What is required - These records are to be written out exactly as they read, minus the pictures.

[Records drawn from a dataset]
= Beginning of Section =
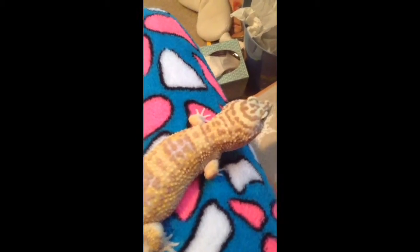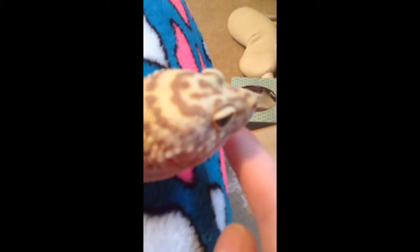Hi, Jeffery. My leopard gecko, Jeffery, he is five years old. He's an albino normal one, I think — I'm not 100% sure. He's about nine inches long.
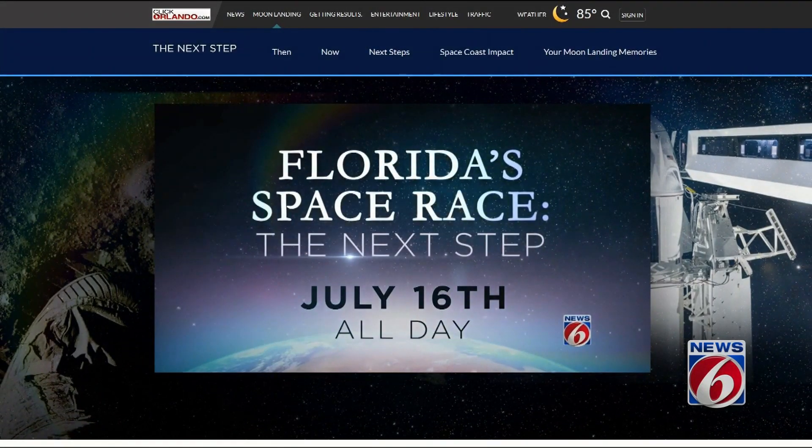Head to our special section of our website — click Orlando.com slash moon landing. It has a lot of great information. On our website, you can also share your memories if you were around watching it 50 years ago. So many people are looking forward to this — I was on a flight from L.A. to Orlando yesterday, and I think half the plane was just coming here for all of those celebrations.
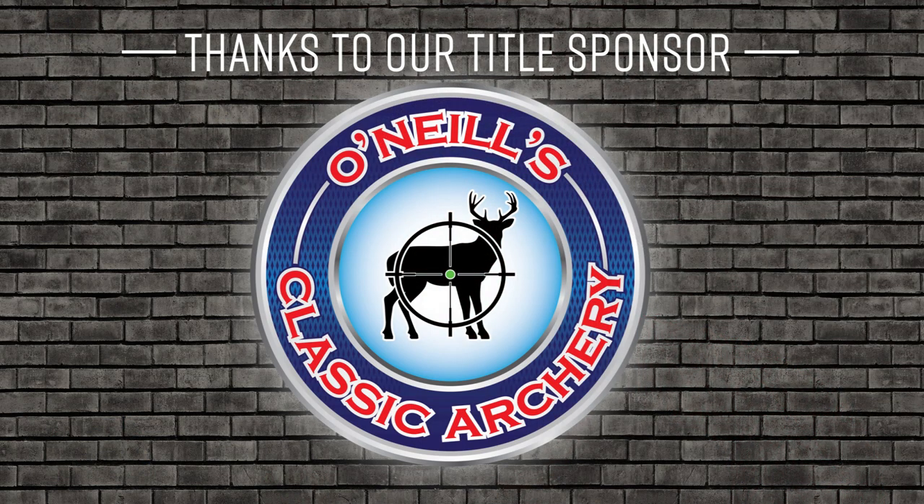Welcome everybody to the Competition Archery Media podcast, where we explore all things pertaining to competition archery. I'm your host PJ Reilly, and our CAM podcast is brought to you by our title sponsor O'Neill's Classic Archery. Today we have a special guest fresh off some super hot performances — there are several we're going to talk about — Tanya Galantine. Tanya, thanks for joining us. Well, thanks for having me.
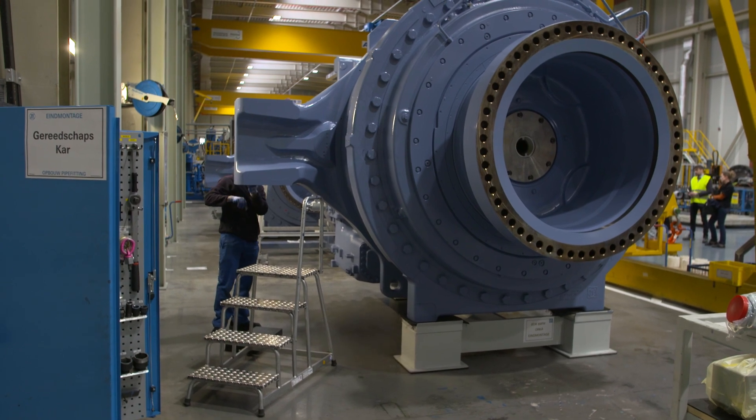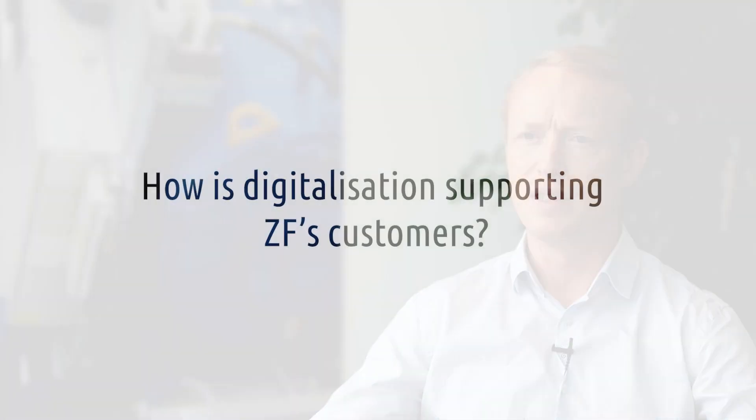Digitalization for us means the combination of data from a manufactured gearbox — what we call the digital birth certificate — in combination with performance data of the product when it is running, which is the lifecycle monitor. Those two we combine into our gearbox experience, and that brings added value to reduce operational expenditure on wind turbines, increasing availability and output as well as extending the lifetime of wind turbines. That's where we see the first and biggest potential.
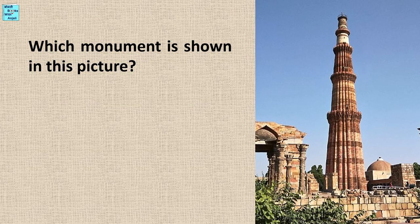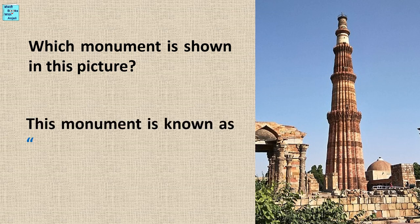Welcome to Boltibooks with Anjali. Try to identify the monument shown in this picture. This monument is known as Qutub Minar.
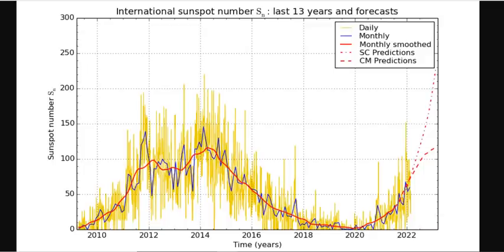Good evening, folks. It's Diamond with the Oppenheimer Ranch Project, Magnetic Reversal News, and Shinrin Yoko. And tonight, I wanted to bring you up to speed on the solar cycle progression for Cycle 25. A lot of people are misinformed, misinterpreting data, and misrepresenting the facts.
= End of Section =
Solved exercise -
Hi, Jeffery. My leopard gecko, Jeffery, he is five years old. He's an albino normal one, I think — I'm not 100% sure. He's about nine inches long.
Head to our special section of our website — click Orlando.com slash moon landing. It has a lot of great information. On our website, you can also share your memories if you were around watching it 50 years ago. So many people are looking forward to this — I was on a flight from L.A. to Orlando yesterday, and I think half the plane was just coming here for all of those celebrations.
Welcome everybody to the Competition Archery Media podcast, where we explore all things pertaining to competition archery. I'm your host PJ Reilly, and our CAM podcast is brought to you by our title sponsor O'Neill's Classic Archery. Today we have a special guest fresh off some super hot performances — there are several we're going to talk about — Tanya Galantine. Tanya, thanks for joining us. Well, thanks for having me.
Digitalization for us means the combination of data from a manufactured gearbox — what we call the digital birth certificate — in combination with performance data of the product when it is running, which is the lifecycle monitor. Those two we combine into our gearbox experience, and that brings added value to reduce operational expenditure on wind turbines, increasing availability and output as well as extending the lifetime of wind turbines. That's where we see the first and biggest potential.
Welcome to Boltibooks with Anjali. Try to identify the monument shown in this picture. This monument is known as Qutub Minar.
Good evening, folks. It's Diamond with the Oppenheimer Ranch Project, Magnetic Reversal News, and Shinrin Yoko. And tonight, I wanted to bring you up to speed on the solar cycle progression for Cycle 25. A lot of people are misinformed, misinterpreting data, and misrepresenting the facts.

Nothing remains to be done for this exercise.